The while loop is very simple in it's construct.  It just has a condition, which can contain any expression that you wish to put there.  It will be checked at the beginning of each loop, continuing if the condition is true, so if it is never true then the code will never run.  


The repeat loop is also very simple.  It also has a condition, which can contain any expression that you wish.  However, the condition is checked at the end of each loop.  The condition is also reversed; in this case it will loop until it condition true.  This means that if it is true at the start then it will still run the code once.

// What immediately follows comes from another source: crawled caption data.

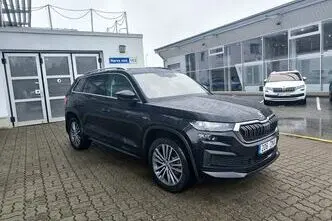 Škoda Kodiaq, 2.0, 140 kW, bensiin, automaat, nelikvedu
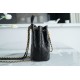 Chanel 22S Drawstring Bucket Backpack Lambskin  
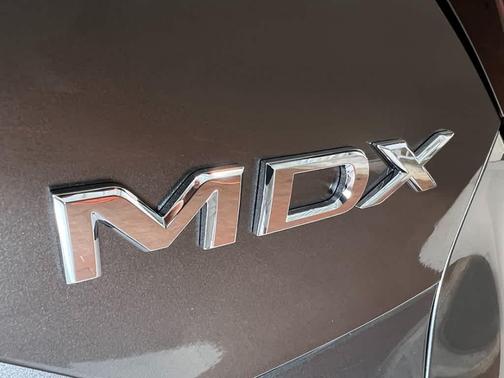 Liquid Carbon Metallic 2026 Acura MDX Technology Package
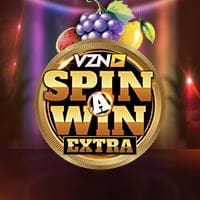 VZN Spin A Win Extra in All Games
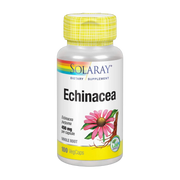 SOLARAY, Echinacea Root, 100 Veg Capsules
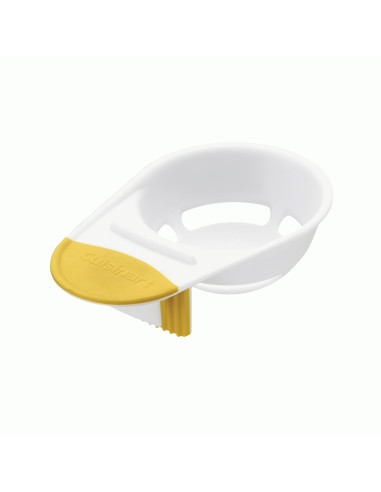 Separador de Claras y Yemas Cuisinart con Mango Antideslizante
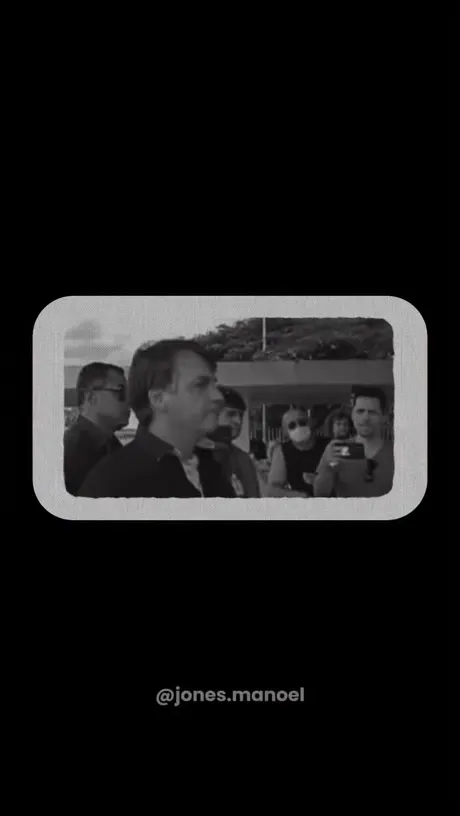 Prévia: Pandemia — montagem com falas de Bolsonaro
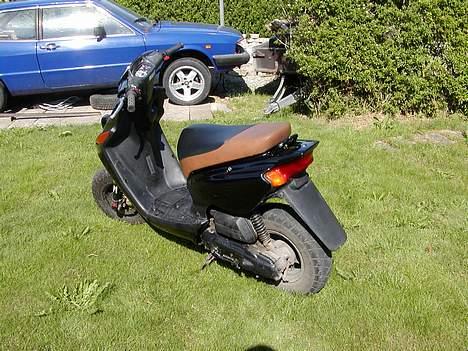 Yamaha BWS NG billede 5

The for loop has only recently been added to Uniface, in version 9.5.  It has a "counter" variable, a "start" value, an "end" value, and an optional "step" value (which is 1 by default).  This allows you to clearly define the number of times that you wish to loop, right up front.  The condition will be checked at the beginning of each loop, so if the "start" value is never less than the "end" value then the code will never run.


Uniface 9.5 also added some more specific loop commands, but I'll talk about these in a future post.

Having discussed their difference, here is how to make each of them iterate 5 times, and the time it takes to do so 20,000,000 times...


1) while = 00:28.80, 00:28.92, 00:29.01 (about 29 seconds)

  count = 0 
  while ( count < 5 )
    count = count + 1
    ;do something
  endwhile



2) repeat = 00:29.02, 00:29.32, 00:28.93 (about 29 seconds)

  count = 0 
  repeat
    count = count + 1
    ;do something
  until (count >= 5)


3) for = 00:29.05, 00:29.08, 00:29.01 (about 29 seconds)

  for count = 1 to 5
    ;do something
  endfor
  count = count - 1 ;this will equal 6 at the end of the loop



Given the timings, I should probably go back and rewrite my starting paragraph.  But just to prove that I actually write these things as I'm going, I'll do a big U-turn instead :)

Summary: There are different ways of looping in Uniface, but they all perform equally well, so pick your favourite.  Think about the conditionality though, as it will be processed for each iteration.


Monday 2 July 2012

Assignment operators

This is sort of an undocumented feature, certainly not one that I knew about until today, but as I discovered it in the documentation, I couldn't really label it as undocumented.  It's used in an example in the for loop section (which I'm investigating for a future blog post!) but not in the operators section, where I would have expected it.


In javascript there are three ways of incrementing a numeric value...

  • c = c + 1
  • c += 1
  • c++

The first is probably the most obvious at first glance, but the other two make sense once you know what they mean.  Both + and ++ are referred to as "arithmetic operators" whereas += is referred to as an "assignment operator".

Whilst I've known this in javascript for many years, I had no idea that you could also use the following assignment operators in Uniface as well...

  • Addition: c += 1 (which is the same as c = c + 1)
  • Subtraction: c -= 1 (which is the same as c = c - 1)
  • Multiplication: c *= 1 (which is the same as c = c * 1)
  • Division: c /= 1 (which is the same as c = c / 1)
  • Modulus: c %= 1 (which is the same as c = c % 1)

Interestingly in javascript if you attempt to do += with string values then it concatenates the two strings, but Uniface will always treat this as a numeric operator and attempt to cast the strings as numerics.

I've checked the performance of these shorthand operators with their longhand equivalents and they seem to perform identically, which possibly indicates that the compiler interprets them in the same way.  This means it is really a personal choice over which style the developer prefers.

It's worth noting that the arithmetic operators ++ and -- do not work - these cause compile errors.

Summary: There are shorthand numeric assignment operators available in Uniface, if you prefer this style of syntax.